_Work to complete_
Please copy, word for word, the line holding "Lleras Premium Hotel" and each line that follows it through the end of the entries, omitting any pictures.

[Captioned web image data]
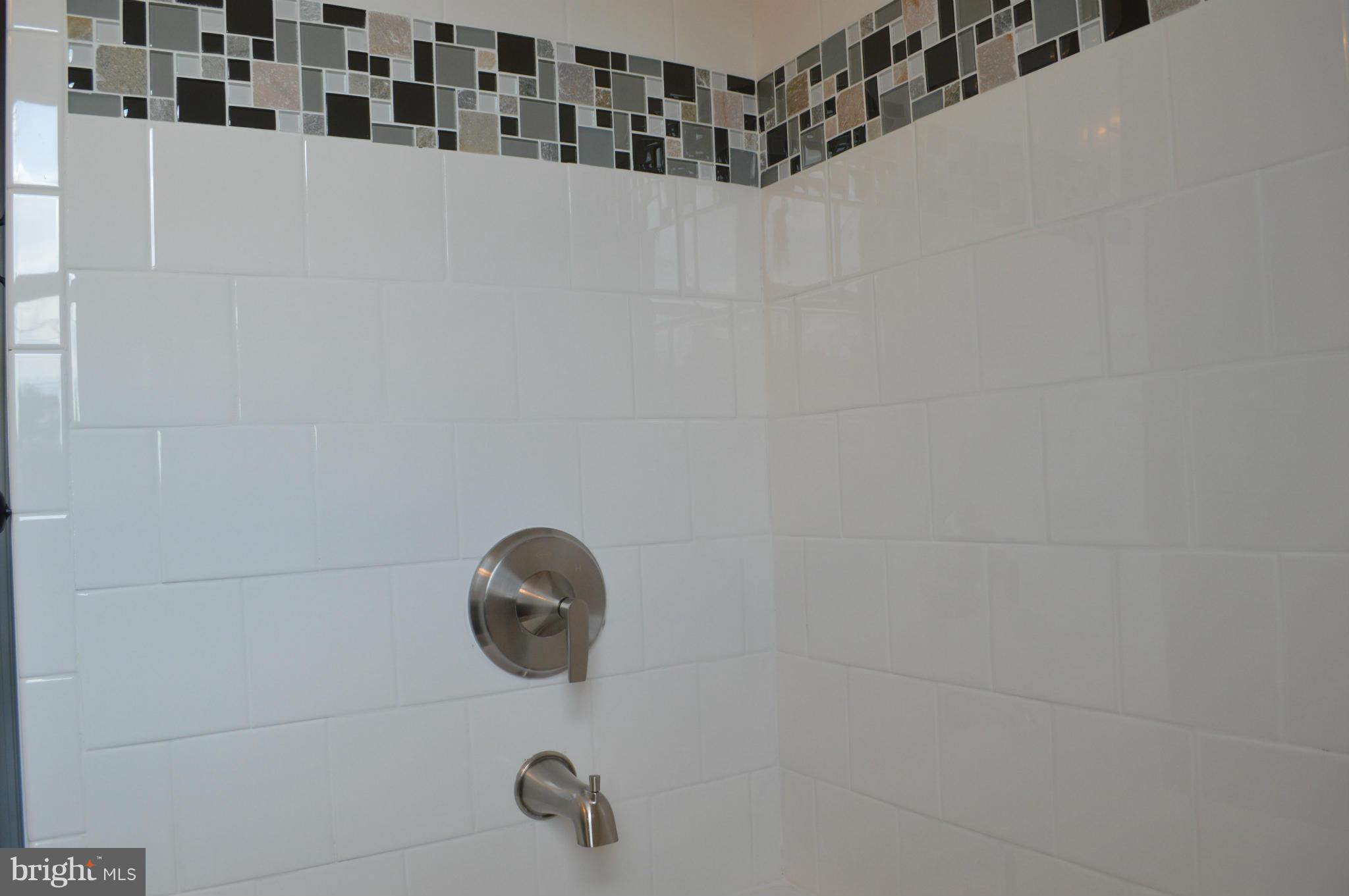 235 West Edgevale Road Baltimore, MD 21225 - Photo 23 of 30 Bath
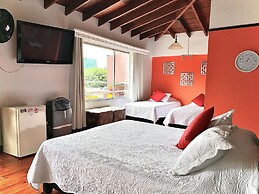 Lleras Premium Hotel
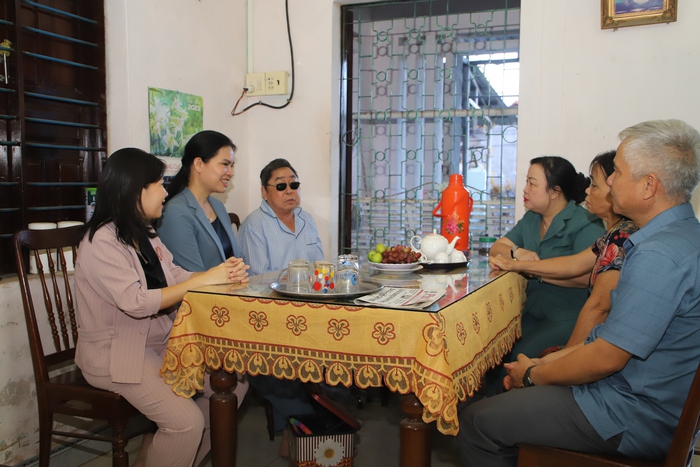 Chủ tịch Hội LHPN Việt Nam Hà Thị Nga thăm và tặng quà gia đình chính sách tại tỉnh Phú Yên - Ảnh 3.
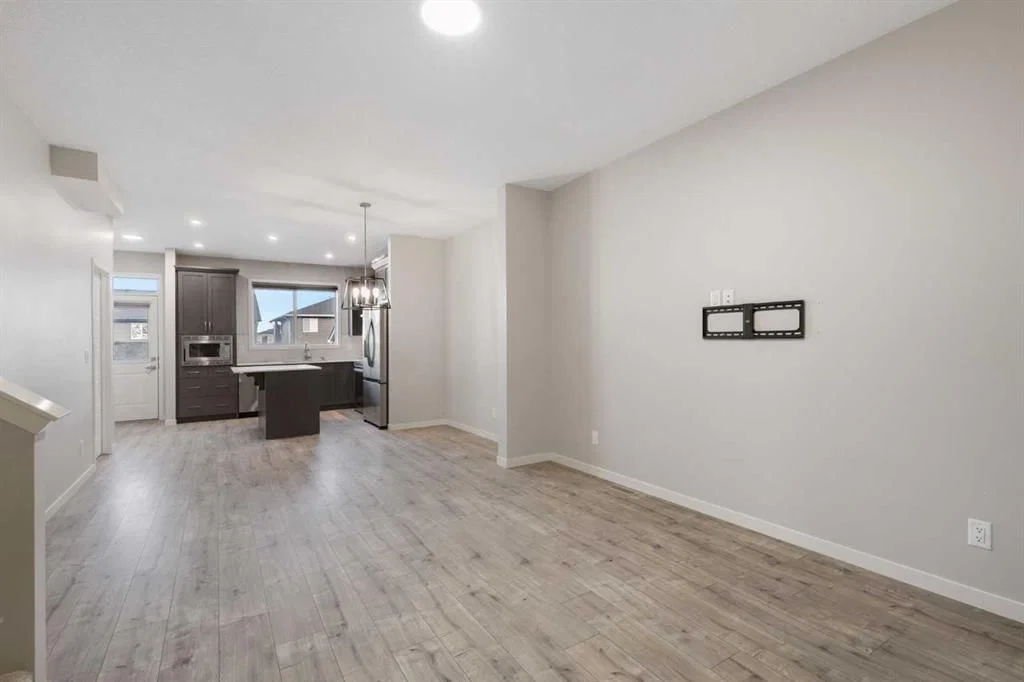 66 Aquila Way NW, Calgary — photo 5 of 37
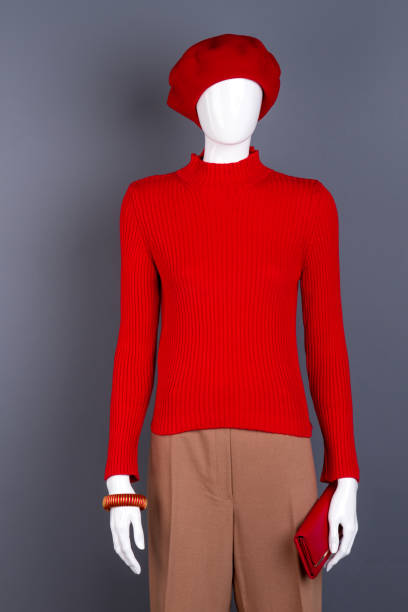 istock Mannequin dressed in red beret and sweater. 917683122
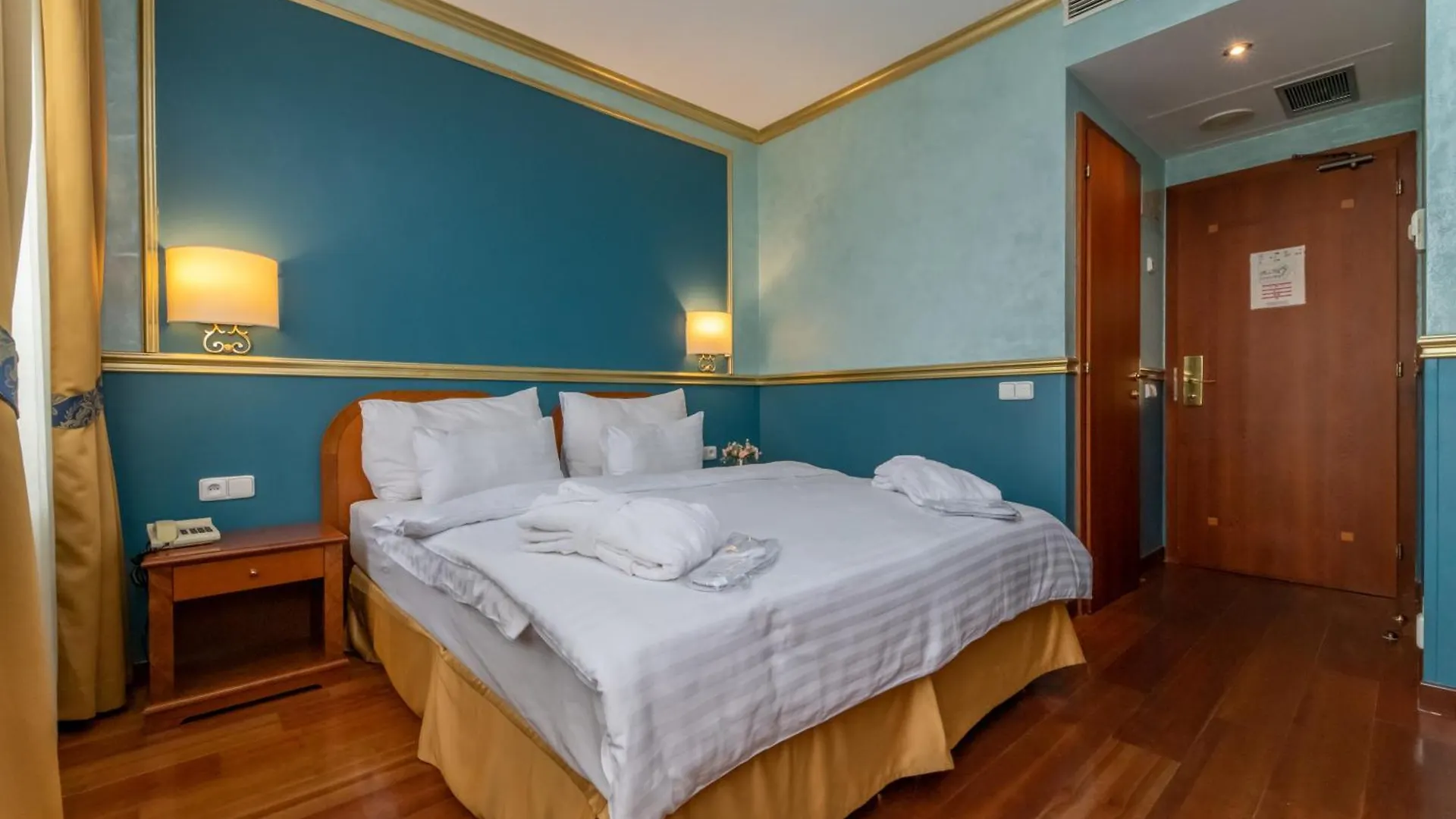 פראג Hotel Kinsky Fountain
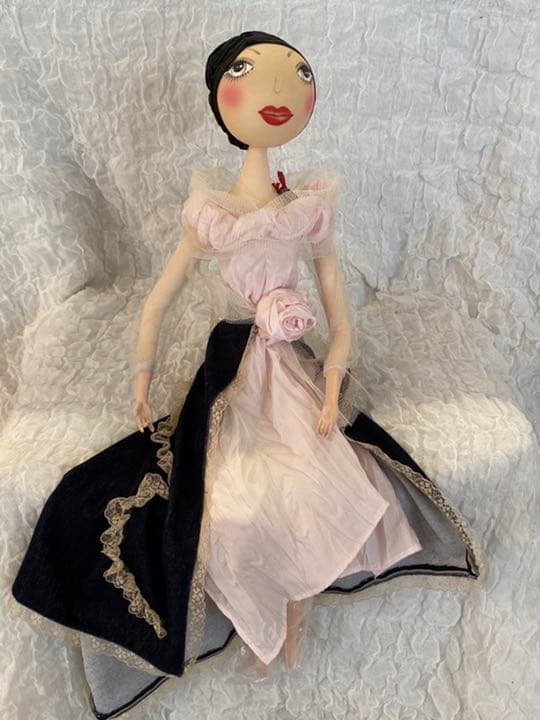 アビステ・マーグトン人形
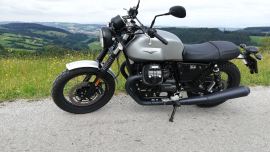 Moto Guzzi V7 III Rough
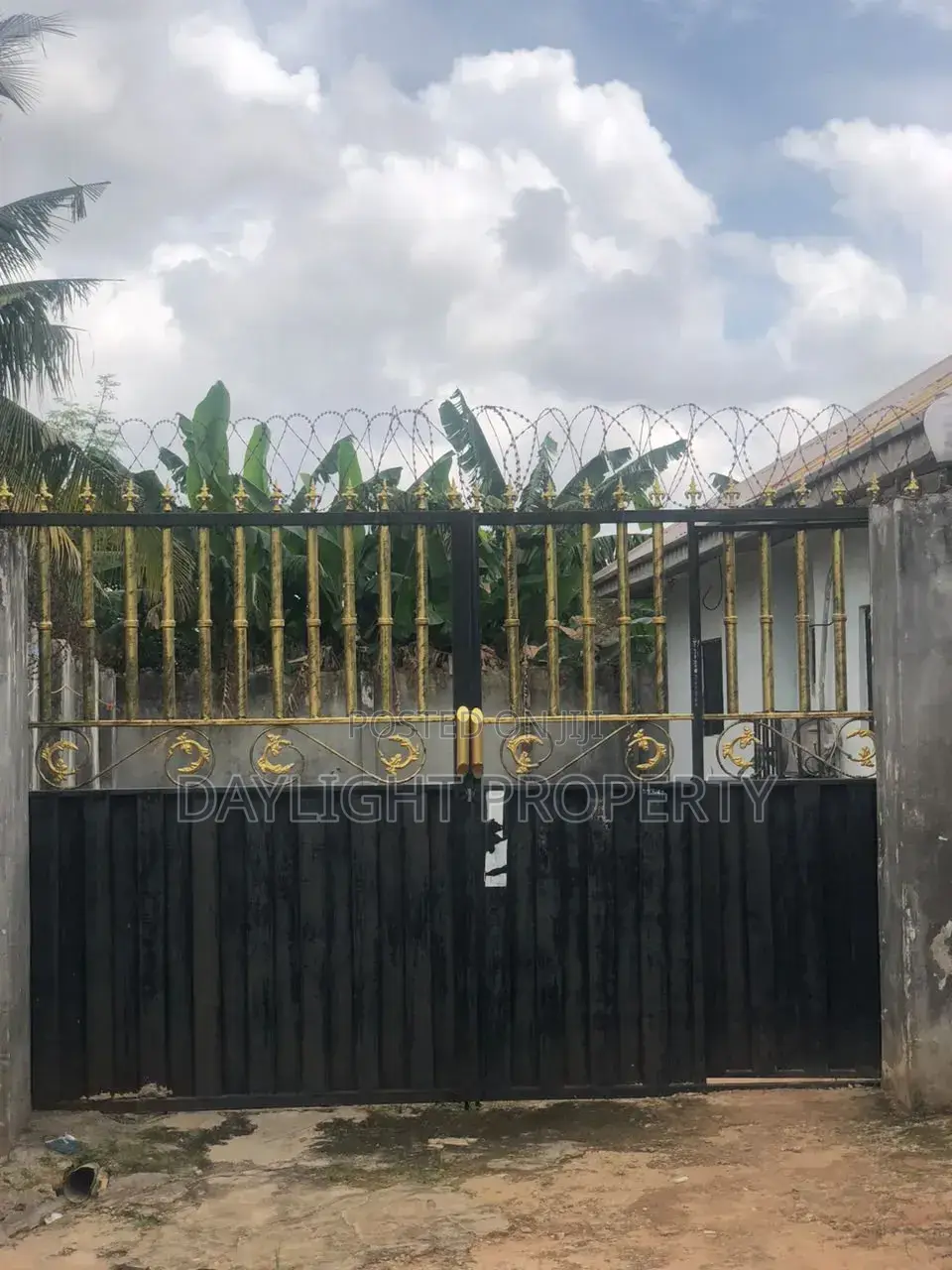 3bdrm Block of Flats in Daylight Property, Benin City for sale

_Task solution_
 Lleras Premium Hotel
 Chủ tịch Hội LHPN Việt Nam Hà Thị Nga thăm và tặng quà gia đình chính sách tại tỉnh Phú Yên - Ảnh 3.
 66 Aquila Way NW, Calgary — photo 5 of 37
 istock Mannequin dressed in red beret and sweater. 917683122
 פראג Hotel Kinsky Fountain
 アビステ・マーグトン人形
 Moto Guzzi V7 III Rough
 3bdrm Block of Flats in Daylight Property, Benin City for sale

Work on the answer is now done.